Advisors are the primary customer base for most of the companies that attend Fuse and they, along with their clients, are the beneficiaries of the developments and innovations that have emerged from the event over the last couple of years. But Orion and the participating judges are keenly aware of the need to stay focused—everything developed here must be of tangible value to advisors as they serve their clients in a fiduciary capacity. 

“This is about keeping the advisor in mind,” said Billy Oliverio, the vice president of United Planners. “Year after year, this has been increasing in emphasis and focus. At the end of the day, all of these innovations to integrate are to serve the advisor, to empower the advisor to be the best they can be.”   

This year, Orion added another advisor to the judges panel, Tina Powell of Beacon Wealth Management. Rounding out the panel were Joel Bruckenstein, Bill Winterberg, Michael Kitces, Ryan Beach, JD Bruce and Oliverio. 

The advisor judges were encouraged to engage with the developers in real time in an effort to further amplify the objective of keeping the advisor’s perspective top of mind. 

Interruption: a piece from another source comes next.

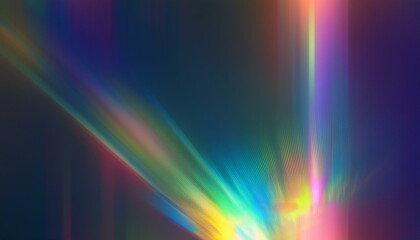 Film leak overlay with neon colored stripes and shimmering effects. Rainbow lens flare on glass or film filter with bokeh and laser beams.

“What we have here is web engineers reverse-engineering for the advisor! That’s never happened before,” Powell said. “This level of accessibility to the people who write the programs, who think this stuff up, is fantastic—and now developers are saying [to advisors], ‘What do you need, we’ll build it.’”

JD Bruce, who has judged the competition from its inception, echoes Powell’s excitement for advisor access and interaction, but tempers it with caution about maintaining the integrity of the event. For example, Bruce was skeptical about inviting more advisors to attend.

“Once you add more advisors, now you’ve introduced potential clients [for the companies attending], and now the salespeople get interested, and the salespeople are going to be very careful. And they are going to be less willing to experiment. I think if you mix in [more] ‘observers,’ they might pull down the creativity.” 

This presents an interesting challenge for an event that grows in size each year, with more companies interested in sending representatives to join in the exercise. As it currently sits, the judges’ review of each “seven-minute” pitch takes north of five hours on the final day. Add even 20-30 advisors, and you run the risk of, as JD Bruce points out, turning the event into a sales spectacle, and adding in variables that cannot be precisely calculated in terms of how they will affect the overall mojo. And the general consensus among Orion leadership and the judges is that this mojo must be preserved at all costs. 

And while independent advisors can take comfort in knowing that the unsung heroes of the industry, the dev guys who toil out of the spotlight, are hard at work laboring over the next useful advisor-client technology tool, there’s something in it for the wirehouse set as well.

“If you do break away, there is a very strong community of fintech providers that can serve your needs,” Oliverio said. “Change is inevitable, and it’s important to be open-minded; don’t [allow yourself to] be stuck in the same old way you’ve been doing things. [At] this event in particular, [developers] come together to make your life easier.”

Powell encourages due diligence: “Consider all of the technology you might use [as an RIA]—Riskalyze, Junxure, Orion—and get yourself on a plane and schedule a visit at their HQs. Let them help you understand, vet the technology. They want you to visit, want to show you what they are working on.” 

Jason Lahita is president and co-founder of FiComm Partners, a PR and marketing firm focused on the independent financial advisory community. Full disclosure, Orion Advisor Services is a FiComm client. None of the advisors quoted in this article are FiComm clients (yet).  Jason did absolutely no coding at Fuse, but he did take a lot of pictures and tweeted a bunch, and managed some media action, as PR guys are wont to do.